Die Gefühle zurückhalten
Ähnlich sieht es bei Ihren Einkaufsverhandlungen aus: Zeigen Sie frühzeitig überdeutlich Ihr Interesse oder gar Ihre Begeisterung für die Produkte des Verkäufers, wird er – wenn er ein Profi ist, und davon sollten Sie ausgehen – sich nie und nimmer auf eine Verhandlung der Konditionen einlassen und nachgeben. Ihre erkennbare Begeisterung wird somit zum Bumerang. Denn der Verkäufer spürt, dass Sie auch zu seinen Bedingungen kaufen werden.
Daher gilt für jegliche Art der Verhandlung: Halten Sie Ihre Gefühle zurück. Vermitteln Sie vielmehr dem Verkäufer, dass sein Angebot nur eines von mehreren ist, das Ihnen zusagt. Signalisieren Sie ihm, dass er mit Ihnen nur ins Geschäft kommt, wenn er Ihnen attraktive Bedingungen bietet.
Sich genau abstimmen
Verhandeln Sie gemeinsam mit Kollegen, so sprechen Sie im Vorfeld ab, dass Sie diese Linie einheitlich verfolgen. Aber halten Sie sie auch durch. Immer wieder passiert es nämlich, dass die Begeisterung für Produkte überdeutlich ist und die strahlenden Augen des Produktmanagers oder Warengruppenverantwortlichen dem Verkäufer verraten, dass er hart bleiben kann und die Preise und Konditionen nicht nachbessern braucht, da die Entscheidung für sein Produkt bereits gefällt ist.
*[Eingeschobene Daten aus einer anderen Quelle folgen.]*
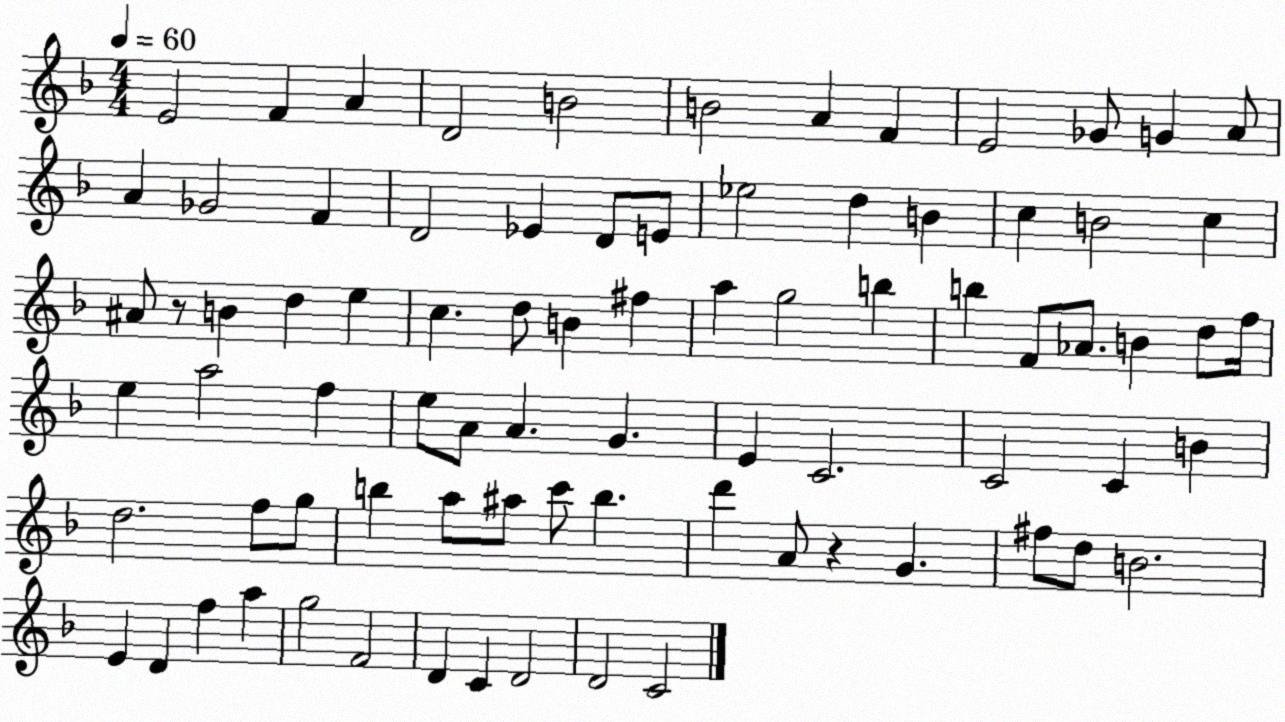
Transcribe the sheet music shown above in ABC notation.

X:1
T:Untitled
M:4/4
L:1/4
K:F
E2 F A D2 B2 B2 A F E2 _G/2 G A/2 A _G2 F D2 _E D/2 E/2 _e2 d B c B2 c ^A/2 z/2 B d e c d/2 B ^f a g2 b b F/2 _A/2 B d/2 f/4 e a2 f e/2 A/2 A G E C2 C2 C B d2 f/2 g/2 b a/2 ^a/2 c'/2 b d' A/2 z G ^f/2 d/2 B2 E D f a g2 F2 D C D2 D2 C2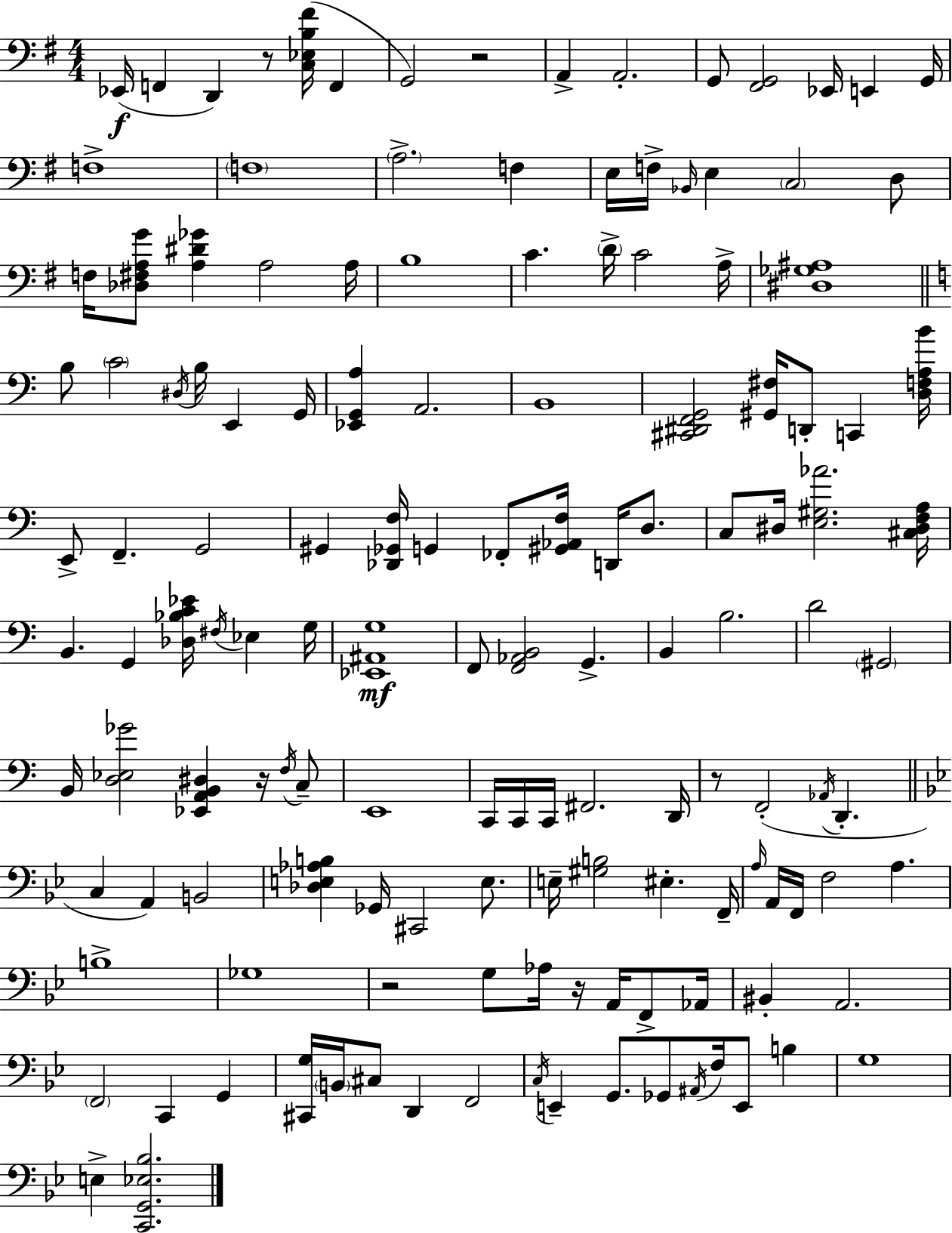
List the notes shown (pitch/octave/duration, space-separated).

Eb2/s F2/q D2/q R/e [C3,Eb3,B3,F#4]/s F2/q G2/h R/h A2/q A2/h. G2/e [F#2,G2]/h Eb2/s E2/q G2/s F3/w F3/w A3/h. F3/q E3/s F3/s Bb2/s E3/q C3/h D3/e F3/s [Db3,F#3,A3,G4]/e [A3,D#4,Gb4]/q A3/h A3/s B3/w C4/q. D4/s C4/h A3/s [D#3,Gb3,A#3]/w B3/e C4/h D#3/s B3/s E2/q G2/s [Eb2,G2,A3]/q A2/h. B2/w [C#2,D#2,F2,G2]/h [G#2,F#3]/s D2/e C2/q [D3,F3,A3,B4]/s E2/e F2/q. G2/h G#2/q [Db2,Gb2,F3]/s G2/q FES2/e [G#2,Ab2,F3]/s D2/s D3/e. C3/e D#3/s [E3,G#3,Ab4]/h. [C#3,D#3,F3,A3]/s B2/q. G2/q [Db3,Bb3,C4,Eb4]/s F#3/s Eb3/q G3/s [Eb2,A#2,G3]/w F2/e [F2,Ab2,B2]/h G2/q. B2/q B3/h. D4/h G#2/h B2/s [D3,Eb3,Gb4]/h [Eb2,A2,B2,D#3]/q R/s F3/s C3/e E2/w C2/s C2/s C2/s F#2/h. D2/s R/e F2/h Ab2/s D2/q. C3/q A2/q B2/h [Db3,E3,Ab3,B3]/q Gb2/s C#2/h E3/e. E3/s [G#3,B3]/h EIS3/q. F2/s A3/s A2/s F2/s F3/h A3/q. B3/w Gb3/w R/h G3/e Ab3/s R/s A2/s F2/e Ab2/s BIS2/q A2/h. F2/h C2/q G2/q [C#2,G3]/s B2/s C#3/e D2/q F2/h C3/s E2/q G2/e. Gb2/e A#2/s F3/s E2/e B3/q G3/w E3/q [C2,G2,Eb3,Bb3]/h.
Also, stimmen Sie sich intern ab, wie Sie auftreten wollen und welche Signale Sie dem Verkäufer senden wollen, um die Chancen für bessere Konditionen nicht von vornherein gegen Null zu senken.
Sie könnten etwa dem Verkäufer sagen: „Sie sind einer von drei Lieferanten. Das Produkt ist in Ordnung. Nur die Konditionen sind noch nicht so, wie sie sein sollten, damit wir kaufen. Aufgrund unserer langjährigen Beziehungen bieten wir Ihnen jedoch die Möglichkeit nachzubessern. Dann kommen Sie auch zum Zuge.“
Leserservice: Testen Sie kostenfrei online www.kosten-runter.com, wie groß Ihre Einsparpotenziale im Einkauf sind.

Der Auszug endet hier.